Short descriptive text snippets

------------------------------------

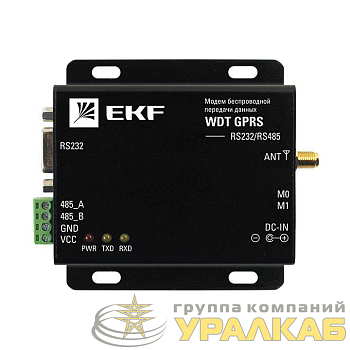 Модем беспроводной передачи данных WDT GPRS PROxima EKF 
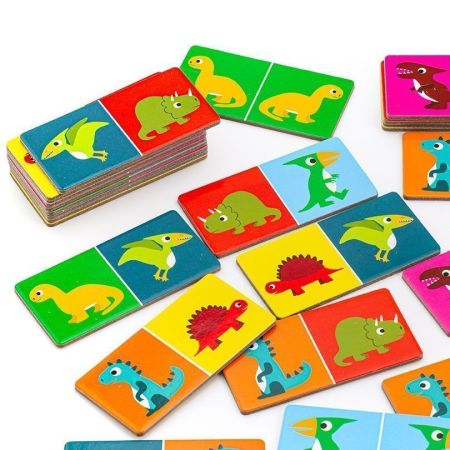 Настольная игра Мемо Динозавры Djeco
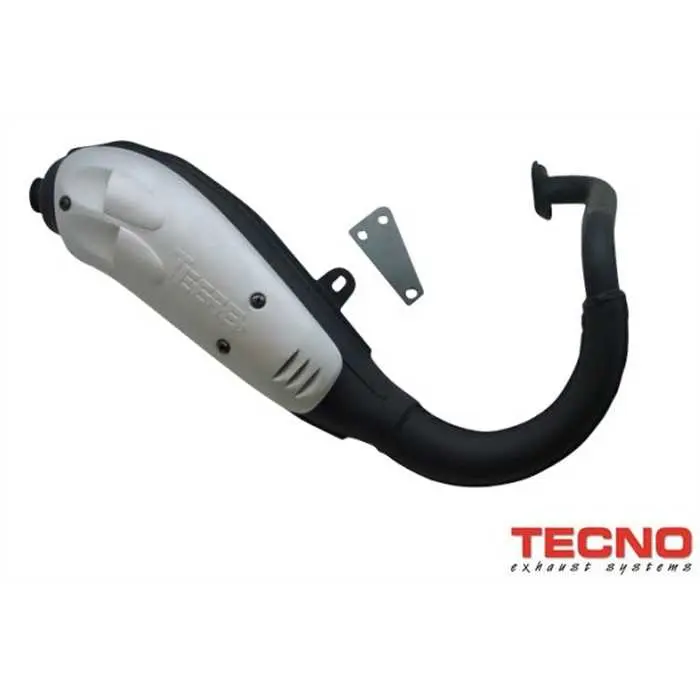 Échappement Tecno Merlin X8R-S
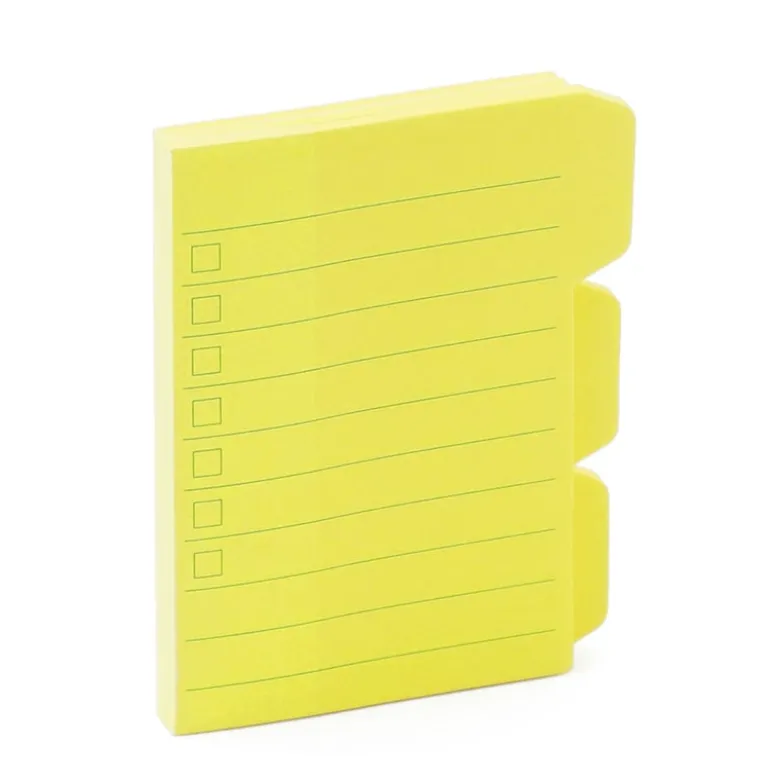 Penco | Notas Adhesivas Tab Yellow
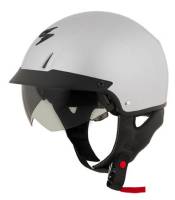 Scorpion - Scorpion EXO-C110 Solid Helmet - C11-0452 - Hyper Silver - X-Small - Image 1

------------------------------------

• **TASK STATEMENT**: Repeat the data word for word; drop the pictures.

• **EXERCISE OUTPUT**:
 Модем беспроводной передачи данных WDT GPRS PROxima EKF 
 Настольная игра Мемо Динозавры Djeco
 Échappement Tecno Merlin X8R-S
 Penco | Notas Adhesivas Tab Yellow
 Scorpion - Scorpion EXO-C110 Solid Helmet - C11-0452 - Hyper Silver - X-Small - Image 1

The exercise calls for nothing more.